As a corrections officer, Debra Hutcherson deals with criminals every day, but she never thought she would have to come face to face with one in the middle of the night.

But shortly after midnight Saturday, a young man who a deputy says was trying to escape capture tried to break into the house where Hutcherson, her husband, Floyd, and three small grandchildren were sleeping.

Floyd Hutcherson fired his gun.

The result: The intruder, 17-year-old Ryan Realford, is dead.

Floyd Hutcherson later would not talk about the incident.

"When I found out the guy who died was 17 . . . my condolences go out to the family because that was someone's child," Debra Hutcherson said Saturday.

"But what was he supposed to do?"

One of Realford's friends, Victoria Felder, lives just a few houses from where he was shot.

Felder said she knew Realford, a Lyman High School student, had trouble with the law before, but never thought it would cause his death.
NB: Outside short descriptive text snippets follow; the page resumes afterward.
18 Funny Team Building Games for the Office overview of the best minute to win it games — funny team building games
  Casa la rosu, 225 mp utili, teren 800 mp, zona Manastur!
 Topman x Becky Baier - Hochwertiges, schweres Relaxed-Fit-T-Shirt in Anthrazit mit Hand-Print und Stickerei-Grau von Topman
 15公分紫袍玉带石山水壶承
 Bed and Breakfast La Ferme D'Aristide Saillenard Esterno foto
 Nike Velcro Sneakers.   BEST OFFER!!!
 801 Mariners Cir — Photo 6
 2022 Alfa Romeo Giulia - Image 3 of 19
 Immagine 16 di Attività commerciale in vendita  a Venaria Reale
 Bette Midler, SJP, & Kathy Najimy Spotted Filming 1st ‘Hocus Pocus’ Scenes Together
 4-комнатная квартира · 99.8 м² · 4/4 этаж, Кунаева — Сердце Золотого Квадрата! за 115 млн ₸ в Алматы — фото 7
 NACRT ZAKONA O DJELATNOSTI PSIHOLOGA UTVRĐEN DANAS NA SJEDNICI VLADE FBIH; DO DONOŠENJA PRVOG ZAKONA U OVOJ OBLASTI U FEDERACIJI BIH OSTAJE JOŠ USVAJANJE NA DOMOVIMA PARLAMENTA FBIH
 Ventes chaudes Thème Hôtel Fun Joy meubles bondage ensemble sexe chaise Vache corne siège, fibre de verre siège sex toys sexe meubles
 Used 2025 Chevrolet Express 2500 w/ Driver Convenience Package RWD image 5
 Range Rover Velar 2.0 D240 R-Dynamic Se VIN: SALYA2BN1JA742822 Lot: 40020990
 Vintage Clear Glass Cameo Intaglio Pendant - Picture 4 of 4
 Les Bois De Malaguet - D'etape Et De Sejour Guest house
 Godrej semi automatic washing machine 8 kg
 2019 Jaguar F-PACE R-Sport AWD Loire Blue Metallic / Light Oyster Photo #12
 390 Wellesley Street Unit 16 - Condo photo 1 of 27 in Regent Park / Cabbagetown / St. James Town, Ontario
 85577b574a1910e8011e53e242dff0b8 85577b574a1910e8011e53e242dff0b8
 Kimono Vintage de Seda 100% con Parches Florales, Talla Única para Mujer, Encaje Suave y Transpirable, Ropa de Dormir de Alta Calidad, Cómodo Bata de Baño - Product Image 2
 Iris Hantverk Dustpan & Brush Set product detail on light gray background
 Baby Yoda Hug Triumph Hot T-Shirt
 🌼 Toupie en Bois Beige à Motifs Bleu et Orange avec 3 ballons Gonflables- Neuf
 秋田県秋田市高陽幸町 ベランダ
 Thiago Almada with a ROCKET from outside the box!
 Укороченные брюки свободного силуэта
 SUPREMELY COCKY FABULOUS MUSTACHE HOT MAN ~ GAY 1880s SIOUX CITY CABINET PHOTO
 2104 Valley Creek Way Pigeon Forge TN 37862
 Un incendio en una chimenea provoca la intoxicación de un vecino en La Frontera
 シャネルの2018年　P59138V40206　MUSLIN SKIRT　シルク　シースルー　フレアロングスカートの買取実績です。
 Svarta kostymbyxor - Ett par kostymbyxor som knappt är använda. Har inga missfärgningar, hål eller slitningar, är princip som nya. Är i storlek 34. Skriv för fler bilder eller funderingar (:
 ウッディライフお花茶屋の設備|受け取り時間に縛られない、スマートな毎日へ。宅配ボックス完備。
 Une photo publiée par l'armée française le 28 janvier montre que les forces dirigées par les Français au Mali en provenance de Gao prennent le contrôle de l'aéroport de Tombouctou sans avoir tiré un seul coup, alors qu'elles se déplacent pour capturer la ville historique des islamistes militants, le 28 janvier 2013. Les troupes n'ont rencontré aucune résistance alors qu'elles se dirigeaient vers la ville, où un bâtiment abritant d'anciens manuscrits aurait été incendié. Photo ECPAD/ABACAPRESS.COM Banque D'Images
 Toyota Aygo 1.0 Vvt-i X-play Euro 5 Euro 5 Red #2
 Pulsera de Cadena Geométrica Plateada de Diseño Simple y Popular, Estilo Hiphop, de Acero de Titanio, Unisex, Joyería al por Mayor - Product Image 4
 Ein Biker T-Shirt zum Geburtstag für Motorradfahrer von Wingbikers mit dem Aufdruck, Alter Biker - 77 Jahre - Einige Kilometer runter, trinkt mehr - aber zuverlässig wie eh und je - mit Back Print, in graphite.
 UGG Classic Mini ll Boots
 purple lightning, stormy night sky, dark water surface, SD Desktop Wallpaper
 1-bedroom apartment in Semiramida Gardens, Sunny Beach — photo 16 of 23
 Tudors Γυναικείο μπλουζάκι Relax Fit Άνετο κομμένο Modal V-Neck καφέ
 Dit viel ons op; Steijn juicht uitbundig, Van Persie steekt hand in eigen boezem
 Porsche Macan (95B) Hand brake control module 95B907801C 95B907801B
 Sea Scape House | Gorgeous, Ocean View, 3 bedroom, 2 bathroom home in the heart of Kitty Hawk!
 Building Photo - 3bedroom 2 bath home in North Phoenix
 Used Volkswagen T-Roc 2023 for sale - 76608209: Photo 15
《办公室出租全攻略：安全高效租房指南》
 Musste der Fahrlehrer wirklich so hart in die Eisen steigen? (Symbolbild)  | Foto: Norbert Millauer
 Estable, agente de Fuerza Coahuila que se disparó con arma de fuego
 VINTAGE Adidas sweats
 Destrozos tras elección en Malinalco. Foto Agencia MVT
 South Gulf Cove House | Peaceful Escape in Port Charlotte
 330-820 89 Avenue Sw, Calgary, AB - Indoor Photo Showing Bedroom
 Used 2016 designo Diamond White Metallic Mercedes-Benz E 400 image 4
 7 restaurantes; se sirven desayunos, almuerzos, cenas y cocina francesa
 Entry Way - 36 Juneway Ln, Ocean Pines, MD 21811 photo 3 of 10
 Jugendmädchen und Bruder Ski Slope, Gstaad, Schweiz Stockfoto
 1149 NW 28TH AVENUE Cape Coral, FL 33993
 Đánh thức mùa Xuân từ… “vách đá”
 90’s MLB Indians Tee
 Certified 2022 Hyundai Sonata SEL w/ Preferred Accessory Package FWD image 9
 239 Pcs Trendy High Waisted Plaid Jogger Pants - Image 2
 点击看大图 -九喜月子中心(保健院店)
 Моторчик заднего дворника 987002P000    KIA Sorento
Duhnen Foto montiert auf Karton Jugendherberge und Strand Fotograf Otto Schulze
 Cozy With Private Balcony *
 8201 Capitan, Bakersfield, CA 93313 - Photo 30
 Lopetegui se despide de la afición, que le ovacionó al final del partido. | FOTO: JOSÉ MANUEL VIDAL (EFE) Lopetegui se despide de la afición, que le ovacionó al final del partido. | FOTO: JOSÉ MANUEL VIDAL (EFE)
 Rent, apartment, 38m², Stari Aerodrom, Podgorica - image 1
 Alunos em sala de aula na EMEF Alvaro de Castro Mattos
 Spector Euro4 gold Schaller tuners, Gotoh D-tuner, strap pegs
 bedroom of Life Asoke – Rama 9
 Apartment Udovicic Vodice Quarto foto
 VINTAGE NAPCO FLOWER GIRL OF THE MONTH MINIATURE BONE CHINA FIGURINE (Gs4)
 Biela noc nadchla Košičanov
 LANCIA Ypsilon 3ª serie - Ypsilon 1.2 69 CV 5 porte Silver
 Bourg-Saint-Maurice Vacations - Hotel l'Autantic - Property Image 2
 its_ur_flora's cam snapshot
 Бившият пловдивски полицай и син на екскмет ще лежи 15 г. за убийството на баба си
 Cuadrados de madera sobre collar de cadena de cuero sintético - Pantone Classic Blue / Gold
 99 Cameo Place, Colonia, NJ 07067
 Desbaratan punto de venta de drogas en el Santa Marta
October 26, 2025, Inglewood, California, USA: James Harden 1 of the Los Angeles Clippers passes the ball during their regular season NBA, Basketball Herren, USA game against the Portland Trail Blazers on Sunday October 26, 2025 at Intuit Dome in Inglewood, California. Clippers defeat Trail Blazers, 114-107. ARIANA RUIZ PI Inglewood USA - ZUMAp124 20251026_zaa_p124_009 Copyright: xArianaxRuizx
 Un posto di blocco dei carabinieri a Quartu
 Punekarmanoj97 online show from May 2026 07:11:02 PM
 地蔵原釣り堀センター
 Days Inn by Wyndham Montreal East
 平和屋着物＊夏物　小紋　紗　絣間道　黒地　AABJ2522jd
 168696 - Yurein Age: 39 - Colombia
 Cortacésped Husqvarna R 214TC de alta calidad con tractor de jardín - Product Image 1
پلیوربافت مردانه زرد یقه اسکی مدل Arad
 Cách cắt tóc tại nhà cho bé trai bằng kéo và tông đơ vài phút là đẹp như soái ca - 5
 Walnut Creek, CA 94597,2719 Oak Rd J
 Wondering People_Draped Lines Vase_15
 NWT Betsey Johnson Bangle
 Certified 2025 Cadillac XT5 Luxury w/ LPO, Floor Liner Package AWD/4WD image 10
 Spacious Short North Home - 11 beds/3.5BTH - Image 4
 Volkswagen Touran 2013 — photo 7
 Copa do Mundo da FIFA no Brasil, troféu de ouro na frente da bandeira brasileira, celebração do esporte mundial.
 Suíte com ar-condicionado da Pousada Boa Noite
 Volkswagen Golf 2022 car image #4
"When I found out . . . I still don't believe it," Felder said.

"I don't know what's going on with our juveniles," Hutcherson said.

Realford was arrested in January 2007 on battery charges at Lyman High, records show.

Here's how Hutcherson and the Seminole County Sheriff's Office described what happened early Saturday:

A uniformed deputy was driving an unmarked Sheriff's Office patrol car when he was approached by a young man who appeared to be selling drugs.

The man, later identified as Realford, came closer to the patrol car with an "unidentified substance" in his hand and started talking, but soon ran away after he realized he was talking to a deputy.

The deputy radioed for backup as he watched the man jump a nearby fence and run near some houses.

Moments after the 12:30 a.m. incident began, Hutcherson said, one of her grandchildren was screaming that someone was trying to get into their house.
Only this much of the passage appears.